• Exercise prompt
Taking the line with "Piggy Bank with" as the first and the last line of the entries as the final one, copy that span exactly.

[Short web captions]
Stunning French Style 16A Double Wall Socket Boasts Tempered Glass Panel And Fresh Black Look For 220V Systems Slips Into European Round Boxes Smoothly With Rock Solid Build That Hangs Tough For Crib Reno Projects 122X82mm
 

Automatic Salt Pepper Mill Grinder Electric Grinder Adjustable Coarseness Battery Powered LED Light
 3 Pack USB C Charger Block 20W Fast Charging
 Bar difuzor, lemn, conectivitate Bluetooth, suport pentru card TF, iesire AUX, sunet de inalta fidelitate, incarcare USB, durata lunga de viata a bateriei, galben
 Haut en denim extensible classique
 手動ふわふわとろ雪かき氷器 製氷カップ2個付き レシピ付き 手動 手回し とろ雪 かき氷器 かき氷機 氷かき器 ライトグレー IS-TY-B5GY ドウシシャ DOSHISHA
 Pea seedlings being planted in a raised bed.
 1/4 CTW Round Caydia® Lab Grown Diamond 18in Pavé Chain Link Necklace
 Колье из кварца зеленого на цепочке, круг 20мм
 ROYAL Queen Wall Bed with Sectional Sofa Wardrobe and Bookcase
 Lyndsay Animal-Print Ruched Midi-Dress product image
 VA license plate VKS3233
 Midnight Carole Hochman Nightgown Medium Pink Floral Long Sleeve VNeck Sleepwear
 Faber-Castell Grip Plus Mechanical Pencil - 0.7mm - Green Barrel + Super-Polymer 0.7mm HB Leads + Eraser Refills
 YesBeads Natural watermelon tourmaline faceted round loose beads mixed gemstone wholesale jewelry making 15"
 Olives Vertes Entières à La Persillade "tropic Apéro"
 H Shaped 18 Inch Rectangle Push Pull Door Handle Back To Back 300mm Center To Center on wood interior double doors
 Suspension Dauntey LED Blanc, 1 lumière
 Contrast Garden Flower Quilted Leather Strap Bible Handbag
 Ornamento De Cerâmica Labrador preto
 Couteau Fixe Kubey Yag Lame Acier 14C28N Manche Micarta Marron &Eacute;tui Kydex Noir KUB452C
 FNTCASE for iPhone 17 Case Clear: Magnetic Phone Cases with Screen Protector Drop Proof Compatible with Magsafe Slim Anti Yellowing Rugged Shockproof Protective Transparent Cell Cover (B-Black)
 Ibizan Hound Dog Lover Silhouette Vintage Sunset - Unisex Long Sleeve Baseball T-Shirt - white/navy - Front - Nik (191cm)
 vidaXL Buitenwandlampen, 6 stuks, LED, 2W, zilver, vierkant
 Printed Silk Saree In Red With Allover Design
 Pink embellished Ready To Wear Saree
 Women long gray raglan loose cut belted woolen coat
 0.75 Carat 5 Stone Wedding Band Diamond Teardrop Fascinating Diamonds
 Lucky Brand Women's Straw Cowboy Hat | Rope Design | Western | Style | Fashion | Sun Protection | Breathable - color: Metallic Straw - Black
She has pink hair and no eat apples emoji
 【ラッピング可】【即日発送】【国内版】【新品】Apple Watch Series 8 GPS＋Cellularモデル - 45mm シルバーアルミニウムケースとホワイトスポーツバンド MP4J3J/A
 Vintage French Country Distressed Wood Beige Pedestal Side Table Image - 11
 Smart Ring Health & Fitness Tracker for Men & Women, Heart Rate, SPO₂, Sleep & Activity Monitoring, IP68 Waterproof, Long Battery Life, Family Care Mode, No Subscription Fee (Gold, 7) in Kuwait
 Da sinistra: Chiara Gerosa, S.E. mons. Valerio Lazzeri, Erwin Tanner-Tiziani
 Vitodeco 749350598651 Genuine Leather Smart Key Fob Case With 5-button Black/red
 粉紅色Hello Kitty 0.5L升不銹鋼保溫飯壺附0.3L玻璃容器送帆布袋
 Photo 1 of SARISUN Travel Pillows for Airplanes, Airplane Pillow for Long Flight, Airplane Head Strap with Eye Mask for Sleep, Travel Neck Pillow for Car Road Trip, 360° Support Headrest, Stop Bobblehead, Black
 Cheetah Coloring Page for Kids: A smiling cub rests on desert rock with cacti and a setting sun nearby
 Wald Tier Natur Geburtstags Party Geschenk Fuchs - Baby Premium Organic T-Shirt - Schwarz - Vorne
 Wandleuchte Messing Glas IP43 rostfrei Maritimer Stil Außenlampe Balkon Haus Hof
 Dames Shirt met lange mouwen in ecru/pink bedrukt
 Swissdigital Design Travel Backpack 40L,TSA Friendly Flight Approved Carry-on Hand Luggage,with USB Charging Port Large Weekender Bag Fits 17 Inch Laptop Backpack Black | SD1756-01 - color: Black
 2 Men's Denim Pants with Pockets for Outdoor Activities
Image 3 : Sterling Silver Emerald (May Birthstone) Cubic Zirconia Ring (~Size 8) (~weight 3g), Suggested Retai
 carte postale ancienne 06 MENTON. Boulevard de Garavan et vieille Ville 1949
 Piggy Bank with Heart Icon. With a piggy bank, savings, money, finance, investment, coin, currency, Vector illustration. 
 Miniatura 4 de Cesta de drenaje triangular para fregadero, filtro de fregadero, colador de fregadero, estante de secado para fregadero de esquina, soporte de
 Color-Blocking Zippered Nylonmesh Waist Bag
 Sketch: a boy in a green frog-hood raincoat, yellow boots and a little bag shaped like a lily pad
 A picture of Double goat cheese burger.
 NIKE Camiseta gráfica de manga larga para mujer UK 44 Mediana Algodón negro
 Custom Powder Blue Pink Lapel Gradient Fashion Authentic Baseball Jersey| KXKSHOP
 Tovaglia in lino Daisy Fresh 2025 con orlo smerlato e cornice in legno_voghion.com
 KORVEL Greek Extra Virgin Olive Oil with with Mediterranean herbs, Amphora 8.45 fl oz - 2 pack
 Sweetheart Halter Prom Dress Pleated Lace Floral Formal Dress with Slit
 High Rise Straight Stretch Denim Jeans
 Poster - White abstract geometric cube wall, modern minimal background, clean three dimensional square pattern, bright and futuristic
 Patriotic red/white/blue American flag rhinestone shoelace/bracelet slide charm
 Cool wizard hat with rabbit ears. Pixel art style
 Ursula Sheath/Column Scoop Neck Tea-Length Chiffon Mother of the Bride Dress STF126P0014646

• Exercise response
 Piggy Bank with Heart Icon. With a piggy bank, savings, money, finance, investment, coin, currency, Vector illustration. 
 Miniatura 4 de Cesta de drenaje triangular para fregadero, filtro de fregadero, colador de fregadero, estante de secado para fregadero de esquina, soporte de
 Color-Blocking Zippered Nylonmesh Waist Bag
 Sketch: a boy in a green frog-hood raincoat, yellow boots and a little bag shaped like a lily pad
 A picture of Double goat cheese burger.
 NIKE Camiseta gráfica de manga larga para mujer UK 44 Mediana Algodón negro
 Custom Powder Blue Pink Lapel Gradient Fashion Authentic Baseball Jersey| KXKSHOP
 Tovaglia in lino Daisy Fresh 2025 con orlo smerlato e cornice in legno_voghion.com
 KORVEL Greek Extra Virgin Olive Oil with with Mediterranean herbs, Amphora 8.45 fl oz - 2 pack
 Sweetheart Halter Prom Dress Pleated Lace Floral Formal Dress with Slit
 High Rise Straight Stretch Denim Jeans
 Poster - White abstract geometric cube wall, modern minimal background, clean three dimensional square pattern, bright and futuristic
 Patriotic red/white/blue American flag rhinestone shoelace/bracelet slide charm
 Cool wizard hat with rabbit ears. Pixel art style
 Ursula Sheath/Column Scoop Neck Tea-Length Chiffon Mother of the Bride Dress STF126P0014646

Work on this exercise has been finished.